Record extracts START
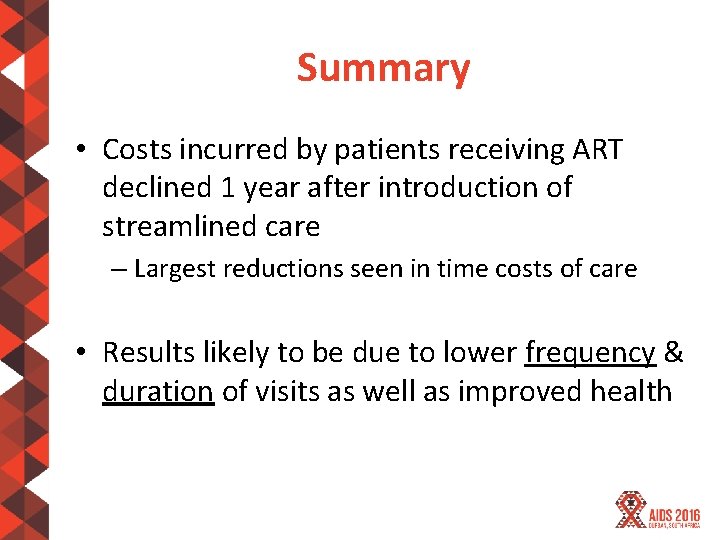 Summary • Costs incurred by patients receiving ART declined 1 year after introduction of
Record extracts END
Record extracts START
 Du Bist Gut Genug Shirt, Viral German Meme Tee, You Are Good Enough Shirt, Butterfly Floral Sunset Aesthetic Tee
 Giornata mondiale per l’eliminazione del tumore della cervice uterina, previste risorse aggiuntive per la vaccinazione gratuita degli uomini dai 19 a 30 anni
Record extracts END
Record extracts START
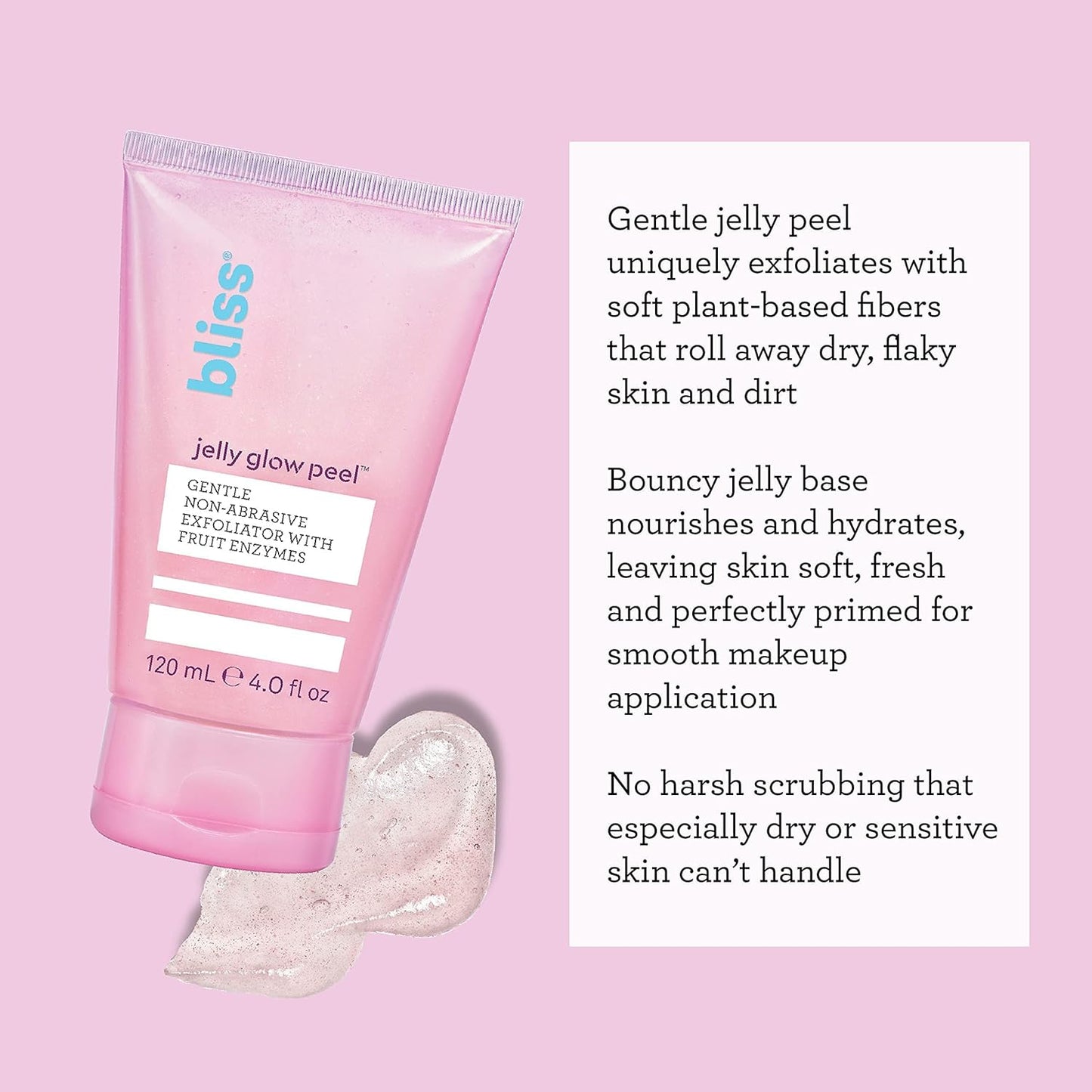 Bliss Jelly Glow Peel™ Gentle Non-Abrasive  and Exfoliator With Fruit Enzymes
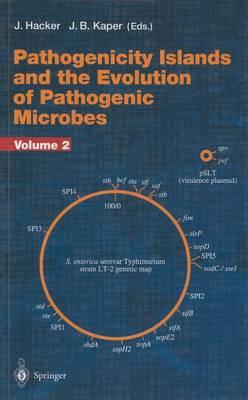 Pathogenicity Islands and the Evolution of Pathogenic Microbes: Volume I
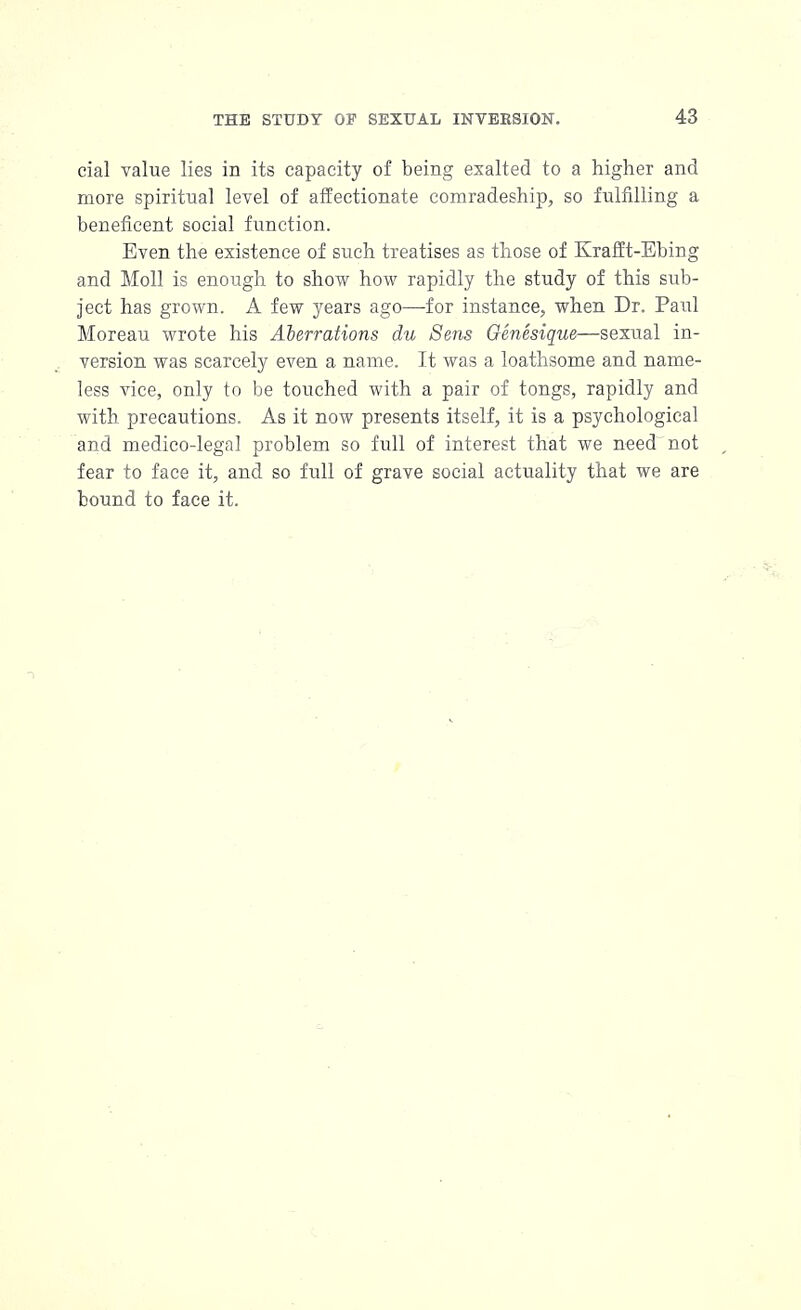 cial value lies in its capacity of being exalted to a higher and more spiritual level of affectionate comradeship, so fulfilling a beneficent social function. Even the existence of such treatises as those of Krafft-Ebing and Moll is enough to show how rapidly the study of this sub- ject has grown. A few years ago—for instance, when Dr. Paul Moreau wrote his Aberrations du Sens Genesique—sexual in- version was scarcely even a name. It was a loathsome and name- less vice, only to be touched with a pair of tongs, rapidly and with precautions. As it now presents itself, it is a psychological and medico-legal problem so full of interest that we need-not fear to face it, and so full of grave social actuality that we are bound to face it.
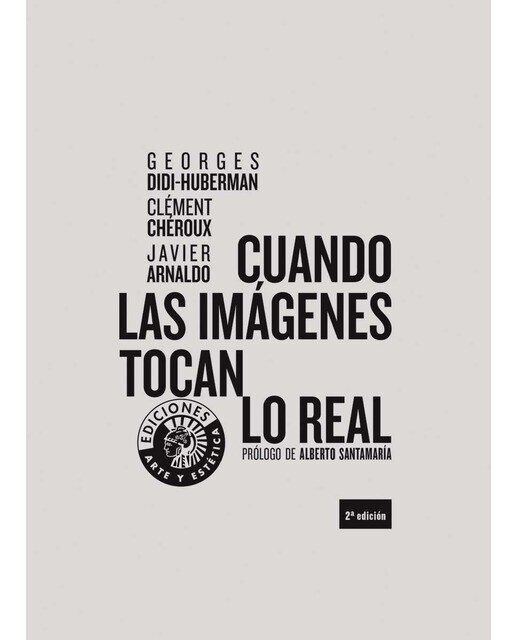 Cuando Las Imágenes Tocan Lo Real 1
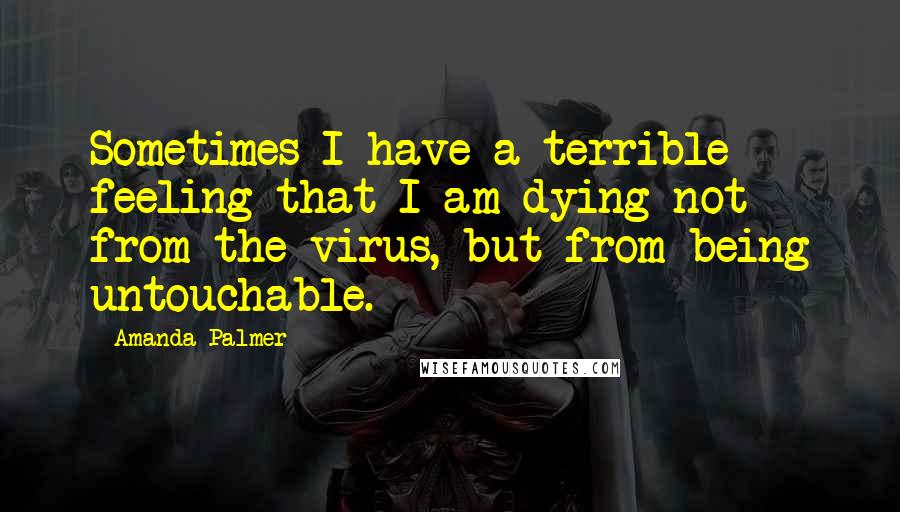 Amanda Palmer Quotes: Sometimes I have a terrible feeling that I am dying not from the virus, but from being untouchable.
Record extracts END
• _Instructions for the task_
Extract from the material above the stretch running from the line containing "Bliss Jelly Glow" through the line containing "Amanda Palmer Quotes: Sometimes". Keep the text exact and the pictures out.

• _Task answer_
 Bliss Jelly Glow Peel™ Gentle Non-Abrasive  and Exfoliator With Fruit Enzymes
 Pathogenicity Islands and the Evolution of Pathogenic Microbes: Volume I
 cial value lies in its capacity of being exalted to a higher and more spiritual level of affectionate comradeship, so fulfilling a beneficent social function. Even the existence of such treatises as those of Krafft-Ebing and Moll is enough to show how rapidly the study of this sub- ject has grown. A few years ago—for instance, when Dr. Paul Moreau wrote his Aberrations du Sens Genesique—sexual in- version was scarcely even a name. It was a loathsome and name- less vice, only to be touched with a pair of tongs, rapidly and with precautions. As it now presents itself, it is a psychological and medico-legal problem so full of interest that we need-not fear to face it, and so full of grave social actuality that we are bound to face it.
 Cuando Las Imágenes Tocan Lo Real 1
 Amanda Palmer Quotes: Sometimes I have a terrible feeling that I am dying not from the virus, but from being untouchable.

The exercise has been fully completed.